優雅にコーヒーを飲みながら、男子達を眺める2人は少しばかり不気味だ。だが、こんな事口が裂けても言えない。


「あの社長。そろそろレッスンに戻らせないと...。」

「あ!そうね。翔汰達はもうレッスンに戻っていいわよ。美幸はどうする?皆のレッスンが終わるの待ってる?」

「いや、家に帰るよ。皆、今日の夕飯はグラタンでいいかな?

「やったー!グラタン大好き!!ヨシ君のグラタンのためならレッスン張り切っちゃう!」


澪里がそう言うと、他の皆もやる気を出してくれた。作り甲斐があるというもので、とても嬉しい。黒川が「買い物もあるでしょうから、私が付き添いましょうか?」と申し出てくれたので、有難くお願いすることにした。


「それじゃあ、オレはコレで。皆もレッスン頑張ってね!」

「うぃーっす!」

「ありがとうございます。」


皆から口々に礼を言われ、美幸は黒川と共に事務所を後にした。


「さて、と。美幸がいなくなったところで...。皆、ぶっちゃけ美幸の事どう思ってるの?」

「「ブーッ」」

「何言いだすんだよ!レッスンするんじゃなかったのかよ?!」

「レッスンよりも恋バナ優先でしょ?」


この社長は何を言い出すのか。レッスンよりも恋バナを優先させるなどと...。


「なによ?ウチの美幸の何処が気に入らないわけ?」

「酔っ払いかよ...。あーもー!す、好きだよ!人間として!」

「我々、仲間であるとともにライバルですから。」


その言葉を聞くと、喜子は満足気に頷いた。そして嬉々として美幸のどこがいいのか、と全員に聞いてきた。メンバー達が流石にそれは...、と言うと白田が、「社長、それはセクハラに当たりますよ」と苦言を呈した。白田に言われてしまえば喜子も強く出れない。

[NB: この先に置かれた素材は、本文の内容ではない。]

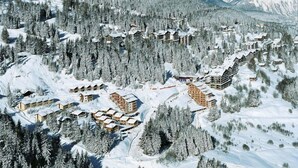 Un resort invernal cubierto de nieve con varias cabañas de estilo chalet, rodeado de densos bosques y laderas nevadas.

「前から思ってたけど、社長って白田さんの言う事聞く事多いよね。その逆も然り。」

「あら?この子達知らないの?この2人付き合ってるのよ?」


「気がつかなかった?」と森からカミングアウトされると全員が驚きを隠せないでいた。


「ちょ、ちょっと花ちゃん!美幸も知らないのよ?!」

「あら、そうだったの。ごめんなさいね!驚かせてしまって。」


もう開いた口が塞がらない。家に帰ったら美幸に伝えるべきか否か...。自分達が知っていて美幸が知らないのは不公平だろう。よし。今日の夕飯の話題はこれに決まりだな。